Sergio Spina wrote:
> In the following ipython session:
>
>> Python 3.5.1+ (default, Feb 24 2016, 11:28:57)
>> Type "copyright", "credits" or "license" for more information.
>>
>> IPython 2.3.0 -- An enhanced Interactive Python.
>>
>> In [1]: import re
>>
>> In [2]: patt = r""" # the match pattern is:
>> ...: .+ # one or more characters
>> ...: [ ] # followed by a space
>> ...: (?=[@#D]:) # that is followed by one of the
>> ...: # chars "@#D" and a colon ":"
>> ...: """
>>
>> In [3]: pattern = re.compile(patt, re.VERBOSE)
>>
>> In [4]: m = pattern.match("Jun@i Bun#i @:Janji")
>>
>> In [5]: m.group()
>> Out[5]: 'Jun@i Bun#i '
>>
>> In [6]: m = pattern.match("Jun@i Bun#i @:Janji D:Banji")
>>
>> In [7]: m.group()
>> Out[7]: 'Jun@i Bun#i @:Janji '
>>
>> In [8]: m = pattern.match("Jun@i Bun#i @:Janji D:Banji #:Junji")
>>
>> In [9]: m.group()
>> Out[9]: 'Jun@i Bun#i @:Janji D:Banji '
>
> Why the regex engine stops the search at last piece of string?
> Why not at the first match of the group "@:"?

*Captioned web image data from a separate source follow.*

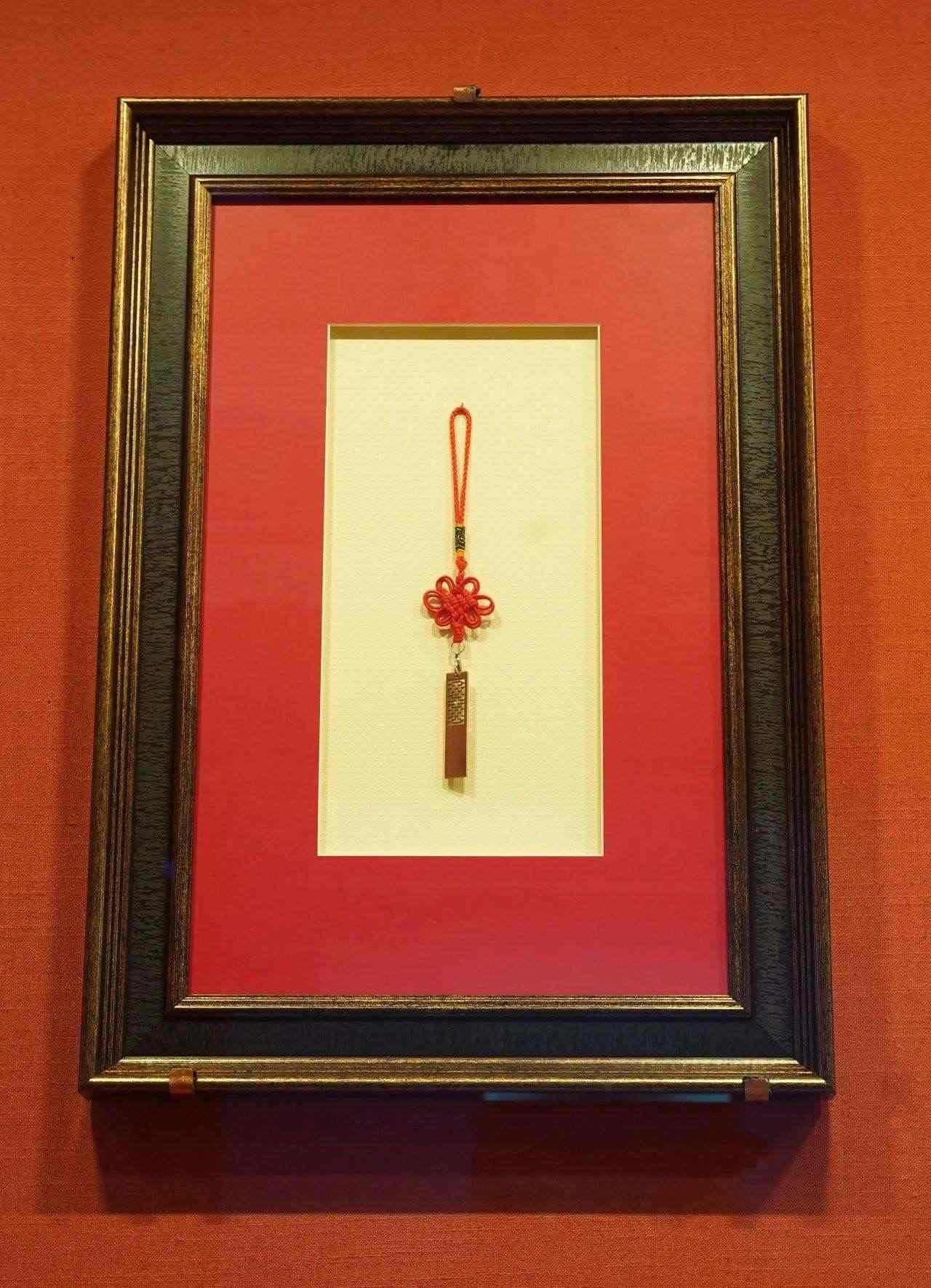 2017年5月，時(shí)任肯尼亞總統(tǒng)烏胡魯·肯雅塔贈(zèng)送習(xí)近平主席的蒙內(nèi)鐵路紀(jì)念U盤。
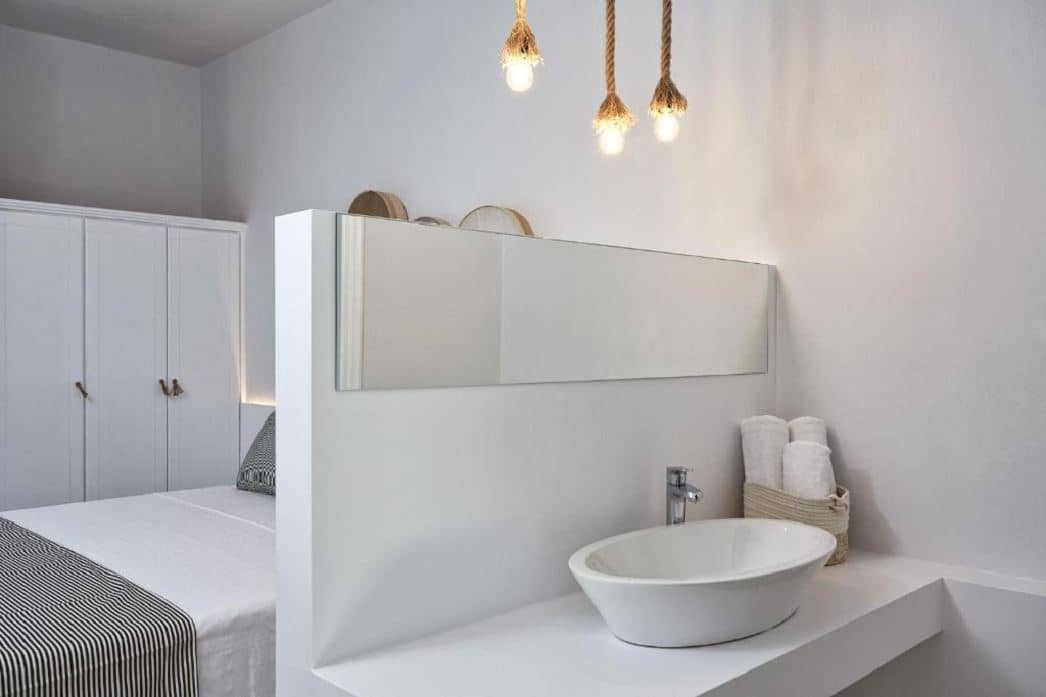 rooms-premium-double-room-with-sharing-pool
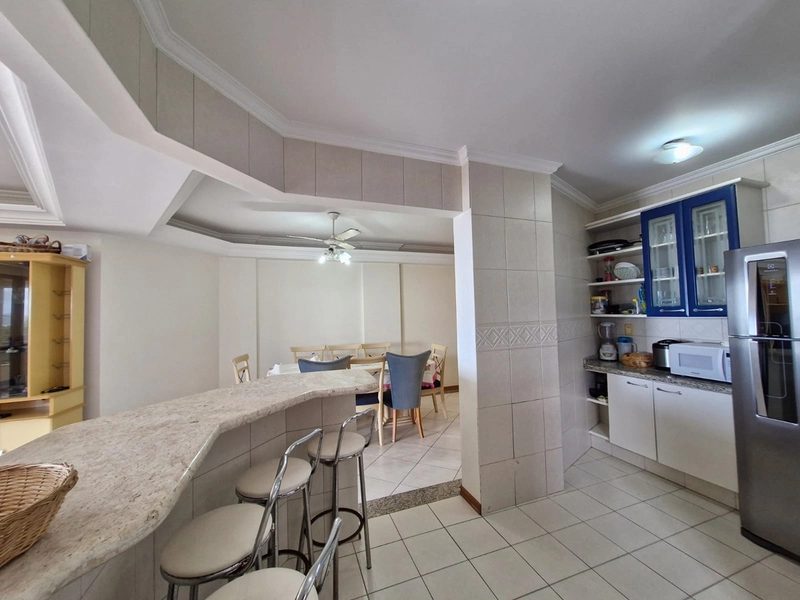 Conforto e exclusividade de frente para o mar em Meia Praia: 11ª foto da galeria de imagens do imóvel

> What can it be a regex pattern with the following result?
>
>> In [1]: m = pattern.match("Jun@i Bun#i @:Janji D:Banji #:Junji")
>>
>> In [2]: m.group()
>> Out[2]: 'Jun@i Bun#i '
Compare:
>>> re.compile("a+").match("aaaa").group()
'aaaa'
>>> re.compile("a+?").match("aaaa").group()
'a'
By default pattern matching is "greedy" -- the ".+" part of your regex
matches as many characters as possible. Adding a ? like in ".+?" triggers
non-greedy matching.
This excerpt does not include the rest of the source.